The Task Force blueprint was the culmination of several years of specific
efforts to launch a concrete program aimed at the physical merger of the U.S.
with other nations in the hemisphere. As weve noted, one of the principal
authors of that CFR proposal is Dr. Robert Pastor. More than a year before the
Waco summit, the CFR publicly floated the idea with an important article by
Pastor entitled, North Americas Second Decade, in the January/February 2004
issue of its flagship journal, Foreign Affairs.
NAFTA was merely the first draft of an economic constitution for North
America, Pastor explained to the elite in-the-know readership of the journal.
The CFR spinmeisters repeatedly insisted for over a decade that NAFTA was
merely a trade agreement. Now they are being a bit more candid: NAFTA was
merely the first draft of an ongoing dynamic, permanent process. The border
demolition is part of the next draft, which is intended to deal with political
and security issues.
Overcoming the tension between security and trade, said Pastor, requires a
bolder approach to continental integration. So he boldly proposed, among other
things, a North American customs union with a common external tariff (CET),
which would significantly reduce border inspections. (Emphasis added.) In
addition, he says, the Department of Homeland Security should expand its
mission to cover the entire continent by incorporating Mexican and Canadian
perspectives and personnel into its design and operation.

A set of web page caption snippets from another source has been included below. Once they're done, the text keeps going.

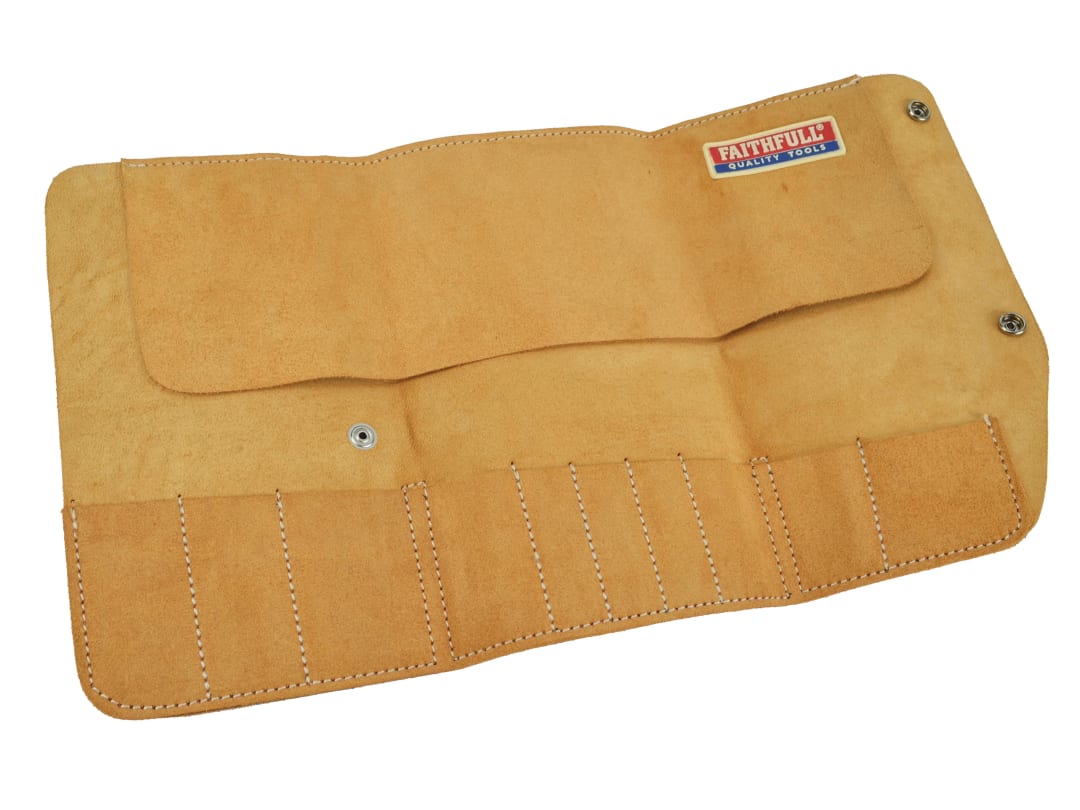 Faithfull 10 Pocket Leather Tool Roll 48 x 27cm FAILTR10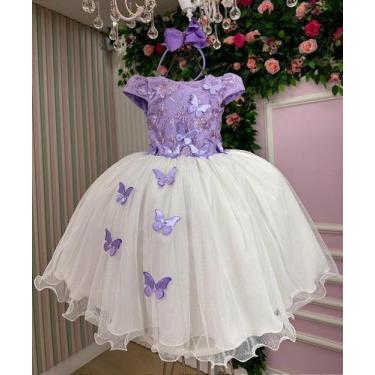 Imagem de Vestido Juvenil Midi Vila Lele Sabrina Lilás e Off-White, Lavender, 18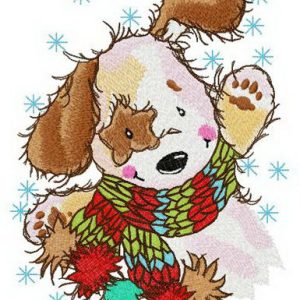 Obedient dog embroidery design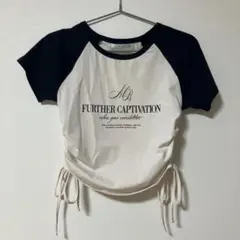 ems excite 半袖 Tシャツ ドロスト仕様 ホワイト×ネイビーのサムネイル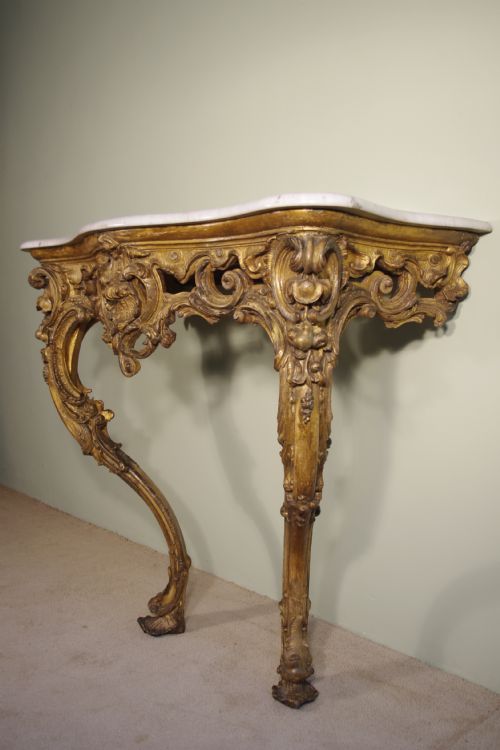 19TH CENTURY LOUIS XV STYLE GILT CONSOLE TABLE - ADDITIONAL PHOTO 2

Pastor opines that, properly managed, the post-9/11 security fears would
serve as a catalyst for deeper integration. That would require new
structures, he says, to assure mutual security. It would also require, he
notes, a redefinition of security that puts the United States, Mexico, and
Canada inside a continental perimeter.
He means a very radical redefinition of security, to say the least. The claim
by Pastor and the CFR claque that stretching our already dangerously porous
borders to include two additional huge countries both of which are already
fraught with their own serious security problems is so far beyond ludicrous
that it can only be explained as openly fraudulent. That the so-called wise
men of the CFR could actually believe their own propaganda in this case is
preposterous.
After all, as CNNs Lou Dobbs reported on the same June 9 broadcast, Mexico
is descending ever more rapidly into a maelstrom of chaos, corruption, and open
warfare, as rival drug cartels, police, the military, and government officials
(many of whom are in the pockets of the narco-terrorists) battle it out.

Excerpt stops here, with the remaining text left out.